Vor dem Europawahlkampf hatte der LSVD Verband Queere Vielfalt zusammen mit der ILGA und anderen europäischen queeren Verbänden daher die Kampagne „Come out 4 Europe“ gestartet. Angesichts der akuten Bedrohung der Grund- und Menschenrechte von LSBTTIQ* fordern wir die Kandidierenden für das Europäische Parlament auf: Setzt euch gemeinsam mit der Zivilgesellschaft für die Menschenrechte queerer Menschen, für Gleichberechtigung, für Vielfalt und für demokratische Grundwerte ein. Unterschreibt die Come-Out-4-Europe-Selbstverpflichtung und setzt damit ein starkes Signal für ein vielfältiges Europa, das Menschenrechte schützt. In Deutschland haben bereits 79 Politiker:innen die Selbstverpflichtung unterzeichnet, in Frankreich sogar 113.

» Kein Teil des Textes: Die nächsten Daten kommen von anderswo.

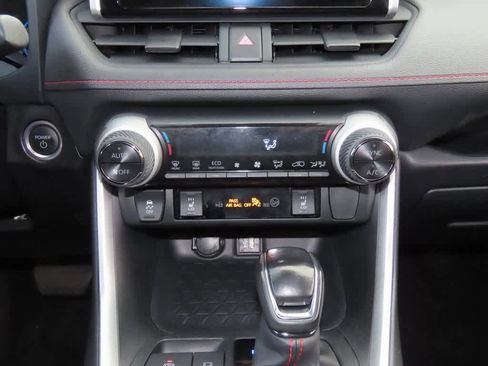 Used 2023 Toyota RAV4 SE image 21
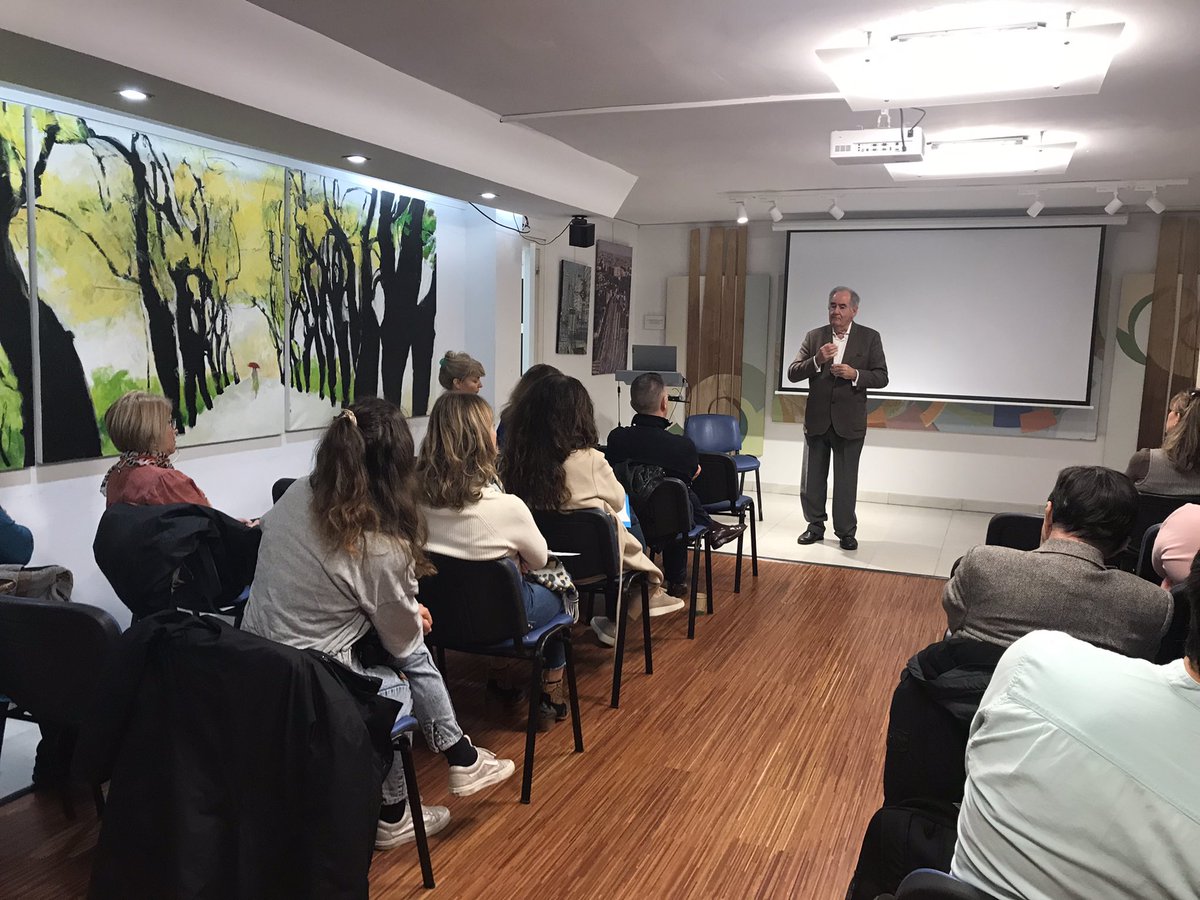 accesophia's tweet photo. Jornadas #EUROCIRILIC, inaugurada por Gil-Robles, presidente de @FundaValsain y primer comisario de Derechos Humanos del Consejo de Europa, con la charla titulada "#Europa en la Encrucijada" abordando temas como los #valoreseuropeos, la #diversidad e #inclusión en el #aula https://t.co/CGDopdIzVg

Obwohl Deutschland sich im Ranking der Länder, das ebenfalls von der ILGA jährlich erstellt wird, zwar verbessert hat, stehen wir aber immer noch nicht so richtig gut da. Auf der Rainbow Map der ILGA, dem Index für die europäischen Länder über den gesellschaftlichen und rechtlichen Status bezüglich LSBTTIQ-Rechten, ist Deutschland auf Platz 10. Ja, das Selbstbestimmungsgesetz kommt zwar – es passiert vermutlich in diesen Stunden gerade den Bundesrat – , aber einige andere versprochene Gesetzesvorhaben sind immer noch nicht umgesetzt, allen voran die Reform des Abstammungsrechts. Und wesentlicher Faktor für das Ranking bei uns: Die Zahl der Straftaten gegen queere Menschen ist erneut gestiegen!

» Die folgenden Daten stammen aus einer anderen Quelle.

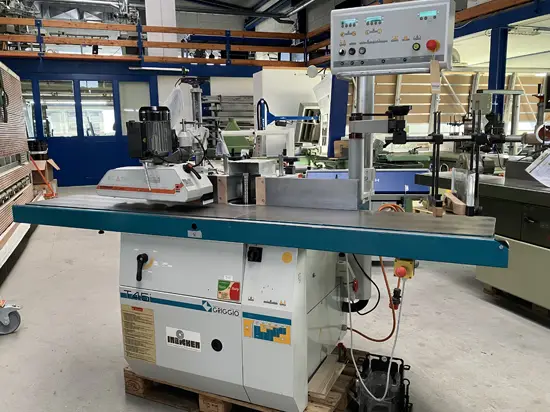 125292 Occasion Griggio-T45-Kehlmaschine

Auf Landesebene hier in Baden-Württemberg freuen wir uns, dass sich das Innenministerium endlich entschieden gegen queerfeindliche Hasskriminalität einsetzt. Das haben wir jahrelang gefordert. Zum einen müssen queerfeindliche Angriffe und Straftaten eindeutig von der Kriminalstatistik erfasst werden, damit aufgrund von Zahlen und dokumentierten Fällen passende Maßnahmen getroffen werden können. Zum anderen müssen Polizei und Justiz sensibilisiert sein und aktiv handeln können. Wir begrüßen daher, dass der Kabinettsausschuss Ende April entsprechende Maßnahmen speziell zum Schutz der queeren Community beschlossen hat und sich in diesem Jahr fortlaufend mit der Sicherheitslage von LSBTTIQ in Baden-Württemberg beschäftigt. Das sind gute Fortschritte.

Aber wir brauchen auch Euch. Nur geschlossen und in jeder Situation können wir Hass und Hetze gut gegenübertreten. Denn nicht mit uns! Wir lassen uns nicht durch Hass und Hetze auseinanderbringen! Unsere Existenz steht nicht zur Debatte; queere Rechte sind Menschenrechte!